Diuretics are prescribed commonly for the management of essential hypertension, congestive heart failure, ascites, and chronic renal insufficiency. Adverse effects from chronic use or misuse (in sports, dieting, and anorexia) are more frequently encountered than those from acute overdose. Overdoses are generally benign, and no serious outcomes have resulted from acute ingestion. Common currently available diuretics are listed in Table II-24.

1. Toxicity is associated with their pharmacologic effects, including promotion of fluid volume and electrolyte losses. Dehydration, hypokalemia (or hyperkalemia with spironolactone and triamterene), hypomagnesemia, hyponatremia, and hypochloremic alkalosis can occur. Electrolyte imbalance may lead to cardiac arrhythmias and may enhance digitalis toxicity. Diuretics are classified on the basis of the pharmacologic mechanisms by which they affect solute and water loss.
2. Pharmacokinetics (see Table II-63)

Minimum toxic doses have not been established. Significant dehydration or electrolyte imbalance is unlikely if the amount ingested is less than the usual recommended daily dose. High doses of intravenous ethacrynic acid and furosemide can cause ototoxicity, especially when administered rapidly and to patients with renal failure.

Gastrointestinal symptoms including nausea, vomiting, and diarrhea are common after acute oral overdose. Lethargy, weakness, hyporeflexia, and dehydration (and occasionally hypotension) may be present if volume loss and electrolyte disturbances are present, although the onset of symptoms may be delayed for 2-4 hours or more until the onset of diuretic action. Spironolactone is very slow, with maximal effects after the third day.

1. Hypokalemia may cause muscle weakness, cramps, and tetany. Severe hypokalemia may result in flaccid paralysis, rhabdomyolysis, and cardiac rhythm disturbances.
2. Spironolactone and other potassium-sparing agents may cause hyperkalemia and hyperchloremic metabolic acidosis, especially in patients with renal insufficiency.
3. Hypocalcemia and hypomagnesemia may also cause tetany.
4. Hyponatremia, hyperglycemia, hypercalcemia, and hyperuricemia may occur, especially with thiazide diuretics.
5. Carbonic anhydrase inhibitors may induce metabolic acidosis. Drowsiness and paresthesias are commonly seen in renal insufficiency or the elderly.
6. Rapid administration of mannitol (an osmotic diuretic) may cause excessive intravascular volume expansion and circulatory overload resulting in CHF or pulmonary edema. Rapid diuresis may result in fluid and electrolyte imbalances, dehydration and hypovolemia. Mannitol can also transiently increase the osmol gap.

Is based on a history of exposure and evidence of dehydration and acid-base or electrolyte imbalance. Note that patients on diuretics may also be taking other cardiac and antihypertensive medications.

1. Specific levels are not routinely available or clinically useful.
2. Other useful laboratory studies include electrolytes (including calcium and magnesium), glucose, BUN, creatinine, and ECG.

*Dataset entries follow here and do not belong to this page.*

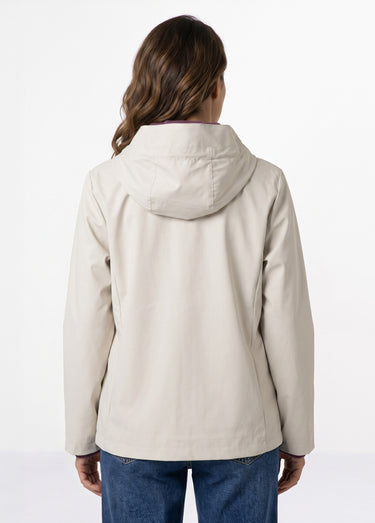 Veste coupe vent imperméable col montant Beige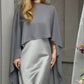 ✨ Elegante Capejurk met Bijpassende Sjaal 💃 Zwierige Pasvorm & Tijdloze Stijl – Nu 63% KORTING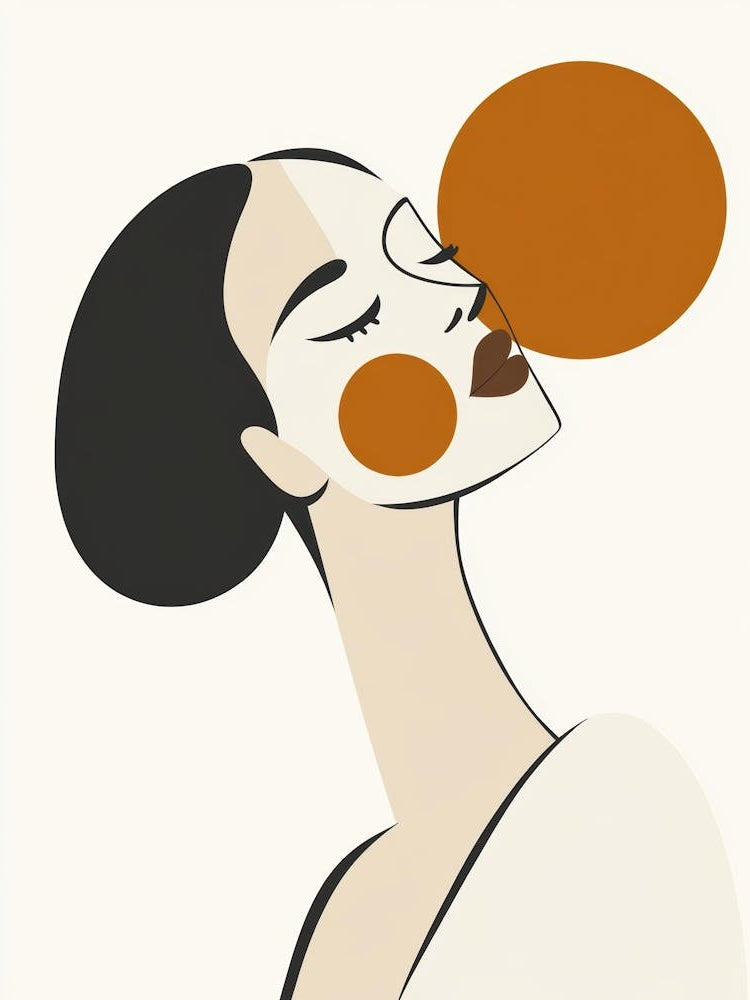 Woman With Orange Face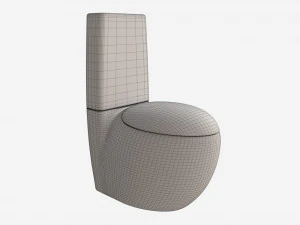 Laufen Ilbagnoalessi Floorstanding WC Rimless 3D Model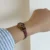 Vintage Brown Bucket-Shaped Leather Watch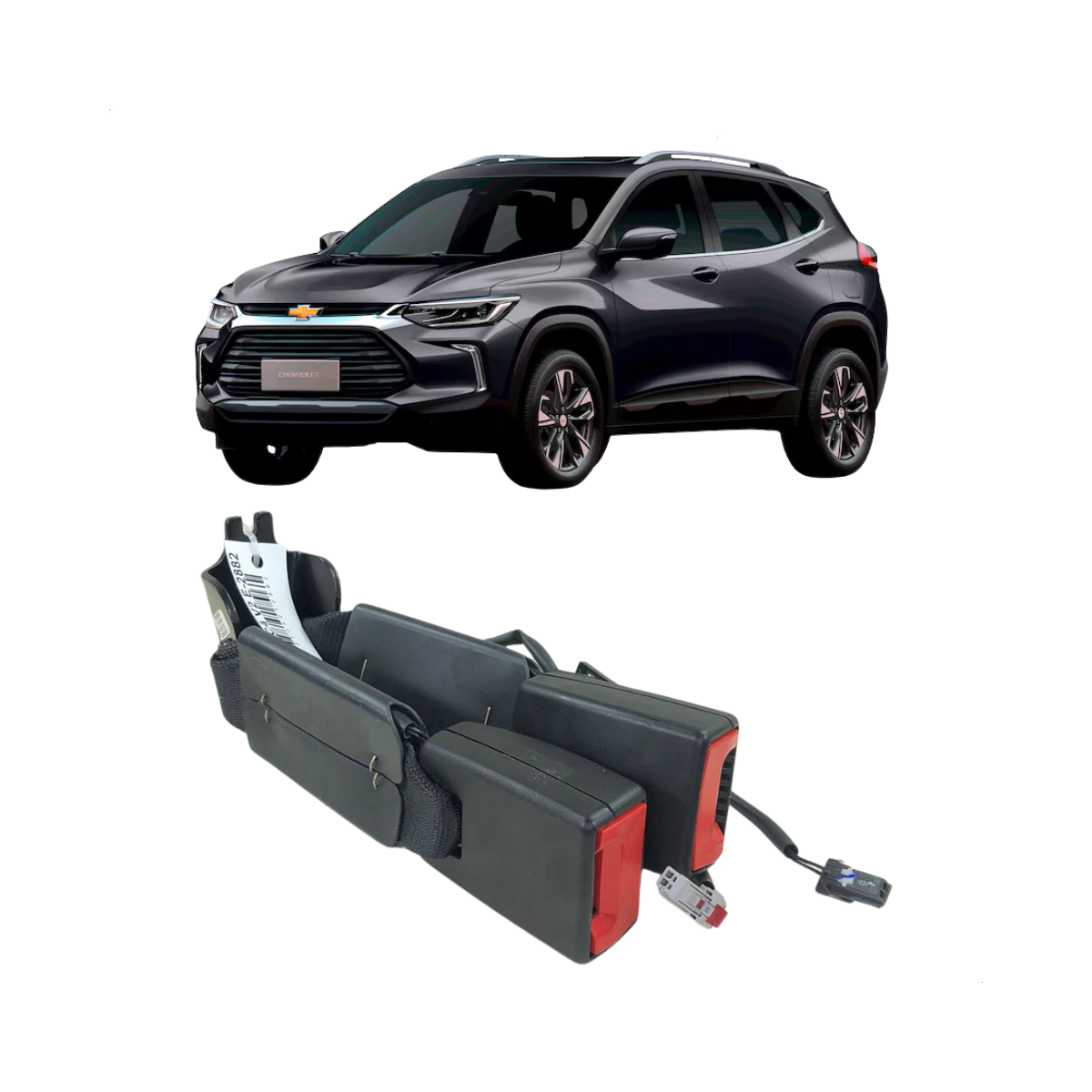 FIVELA CINTO BANCO TRASEIRO ESQUERDO TRACKER 2020/2025 IN.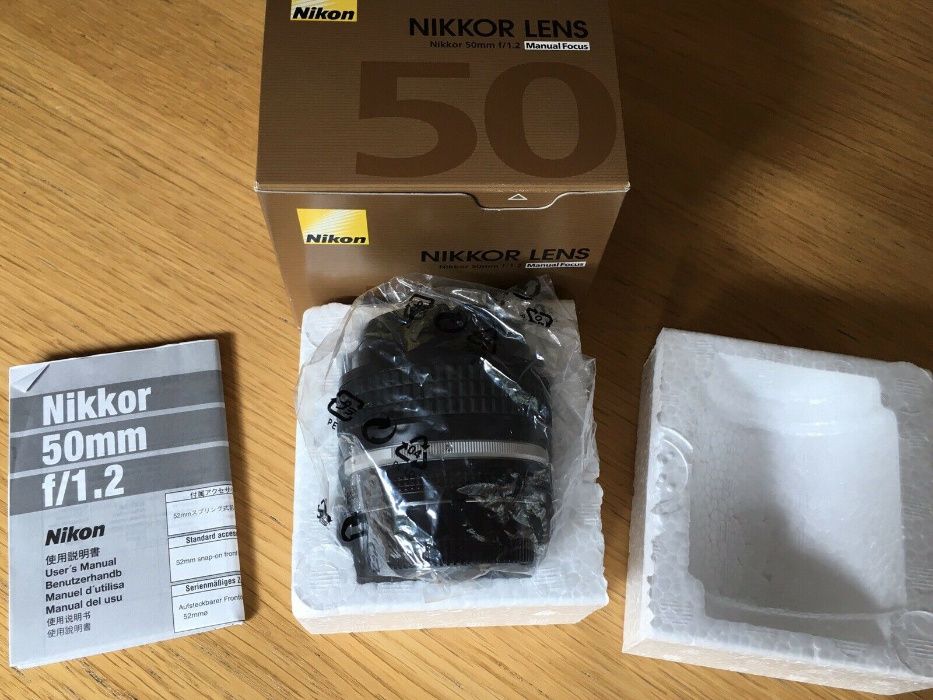 Nikon 50mm 1.2 Ais  Nova.
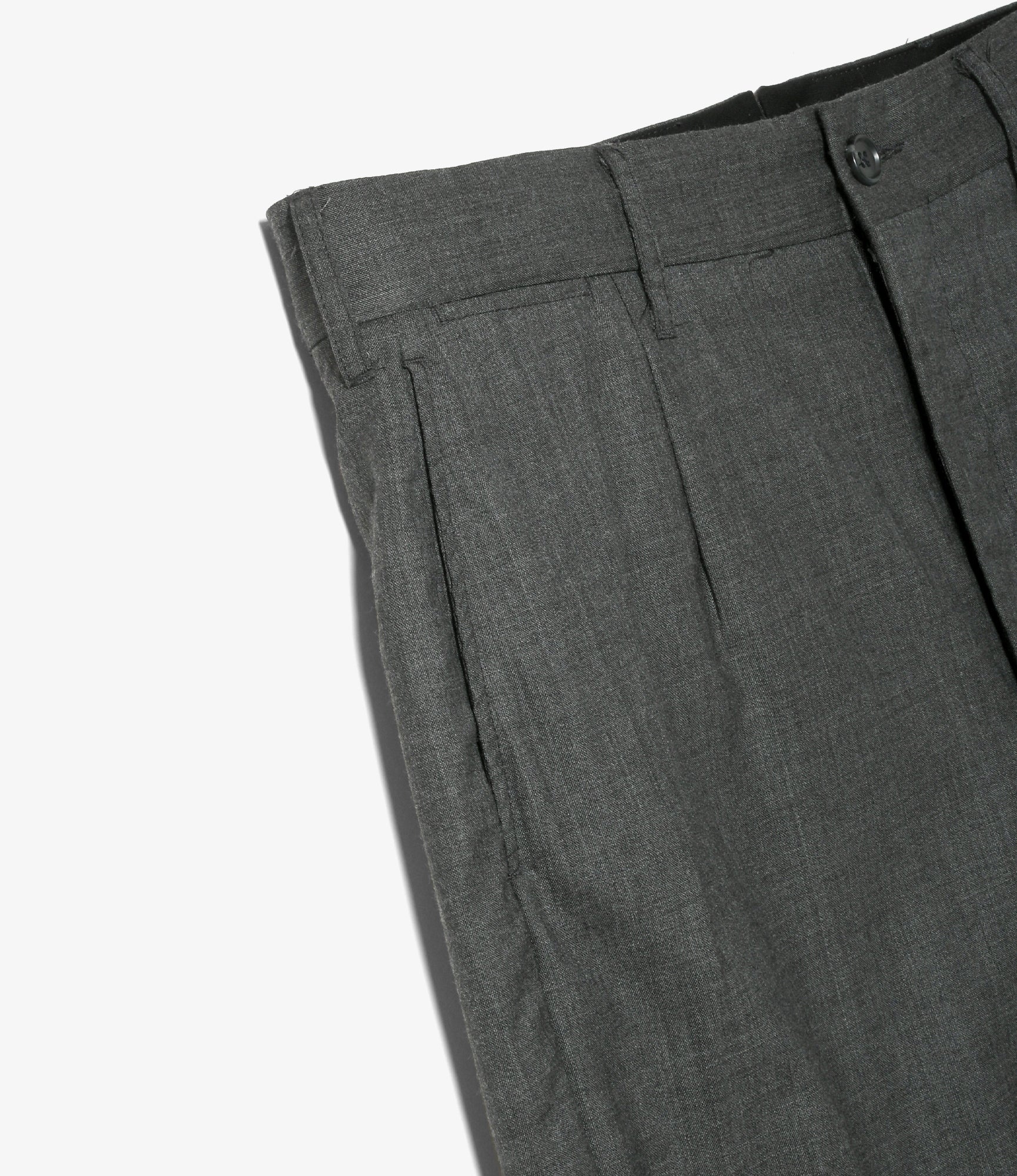 Andover Pant – Charcoal Tropical Wool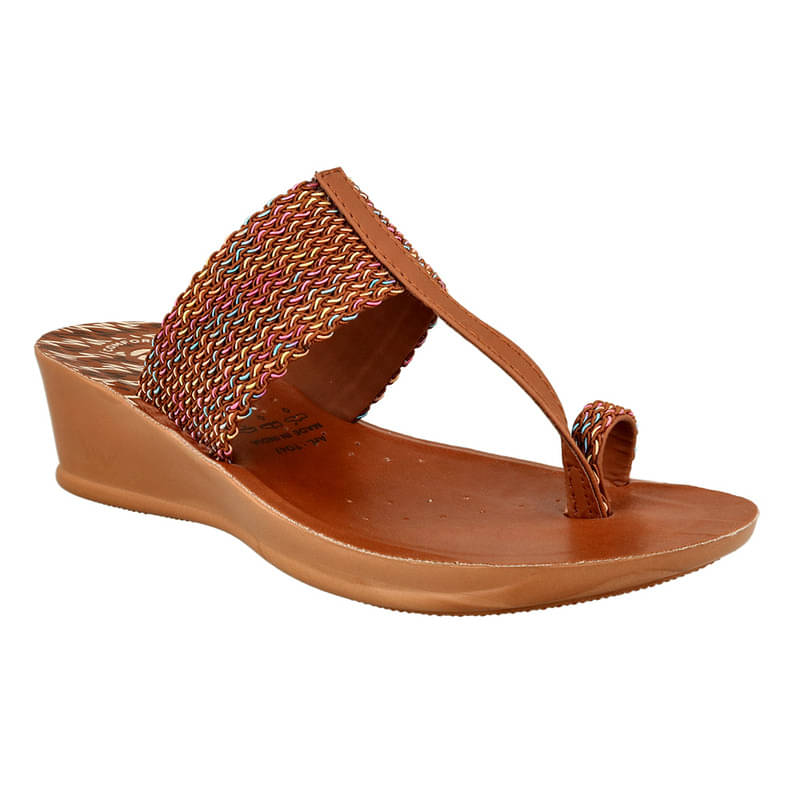     			Aeroblu Footwear Tan Women's Flats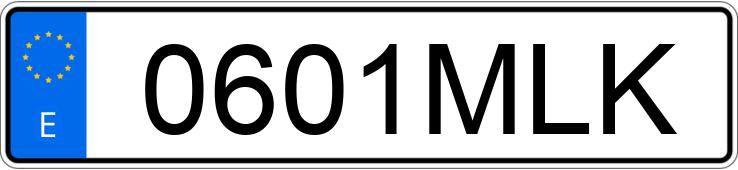 Numer rejestracyjny 0601MLK posiada VOLKSWAGEN GOLF Numer rejestracyjny 0601MLK posiada VOLKSWAGEN GOLF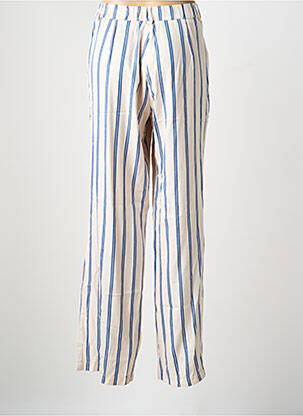 Pantalon drept talie elastică bej ADAM femeie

1. Emergency and supportive measures
   1. Replace fluid loss with IV crystalloid solutions and correct electrolyte abnormalities. Correction of diuretic-induced hyponatremia should be limited to 1-2 mEq/h to avoid osmotic demyelinating syndrome unless seizures or coma is present. In this case, 3% hypertonic saline should be used for a more rapid correction.
   2. Monitor the ECG until the serum potassium returns to normal.
2. Specific drugs and antidotes. There are no specific antidotes.
3. Decontamination. Administer activated charcoal orally if conditions are appropriate (see Table I-37). Gastric lavage is not necessary after small-to-moderate ingestions if activated charcoal can be given promptly. Cathartics have not been shown to be beneficial in preventing absorption and may worsen dehydration.
4. Enhanced elimination. No experience with extracorporeal removal of diuretics has been reported.